発達障害の定義は日本では平成16年に制定された発達障害者支援法によって定められており、世界保健機関(WHO)の『ICD-10』(『国際疾病分類』第10版)の基準に準拠しています。発達障害者支援法における発達障害の定義は以下になります。

この法律において「発達障害」とは、自閉症、アスペルガー症候群その他の広汎性発達障害、学習障害、注意欠陥多動性障害その他これに類する脳機能の障害であってその症状が通常低年齢において発現するものとして政令で定めるものをいう。

出典:http://www.mext.go.jp/a_menu/shotou/tokubetu/material/001.htm

これらの規定により想定される、法の対象となる障害は、脳機能の障害であってその症状が通常低年齢において発現するもののうち、ICD-10(疾病及び関連保健問題の国際統計分類)における「心理的発達の障害(F80-F89)」及び「小児<児童>期及び青年期に通常発症する行動及び情緒の障害(F90-F98)」に含まれる障害であること。
 なお、てんかんなどの中枢神経系の疾患、脳外傷や脳血管障害の後遺症が、上記の障害を伴うものである場合においても、法の対象とするものである。

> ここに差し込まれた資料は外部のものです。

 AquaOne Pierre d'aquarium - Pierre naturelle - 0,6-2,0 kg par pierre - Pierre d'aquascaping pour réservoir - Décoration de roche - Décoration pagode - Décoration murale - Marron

出典:http://www.mext.go.jp/b_menu/hakusho/nc/06050816.htm
発達障害はいくつかのカテゴリーに分類され、診断基準によって多少異なりますが、大きく分けて「広汎性発達障害(PDD)」「ADHD(注意欠陥・多動性障害)」「学習障害(LD)」の3つに分類されます。

広汎性発達障害には自閉症やアスペルガー症候群などのコミュニケーションの障害が含まれますが、アメリカ精神医学会の診断基準である『DSM-5』(『精神疾患の診断・統計マニュアル』第5版)では自閉スペクトラム症/自閉症スペクトラム障害(ASD)という障害名に統合されています。

また『DSM-5』ではADHDは注意欠如・多動症/注意欠如・多動性障害、学習障害は限局性学習症/限局性学習障害という診断名となります。

自閉症やADHDなどの発達障害の中には知的障害が併存する場合もあります。

発達障害の原因は?

発達障害の医学的な原因は完全にはわかっていません

発達障害にはさまざまな障害が含まれますが、身体障害などとは違い、周囲の人にとって発達障害自体がわかりにくいことから、発達障害の特性から本人ができないことやとトラブルがあった時などに親のしつけ不足や愛情が足りていないせいだ、育て方が悪いからだと思われがちです。

しかし、決してしつけ不足や愛情不足、育て方が直接の原因ではないことがわかっています。現在、発達障害の医学的な原因ははっきりと解明されているわけではありませんが、多くの研究から発達障害は先天的な脳の機能障害によるものとされています。

脳機能障害を引き起こすメカニズムとして、遺伝的な要因が原因の一部であると推測されています。何らかの先天的な遺伝要因に様々な環境的な要因が重なり、相互に影響しあって脳機能の障害が発現するのではないかという説が現在有力とされています。

たとえば自閉症スペクトラムの関連遺伝子が数多く報告されています。ですが、さまざまな遺伝子が複雑に関連しているため、現時点では、原因となる遺伝子を完全に特定することはできてはいません。

ただし、かつて広汎性発達障害に含まれていたレット障害(レット症候群)についてはX染色体上に存在する遺伝子の突然変異が原因だということが発見されました。1999年にMECP2という遺伝子が主な原因遺伝子であることが発見され、その後2004年にCDKL5、2008年にFOXG1という原因遺伝子も発見されています。そのため自閉症スペクトラム障害の概念から除外されました。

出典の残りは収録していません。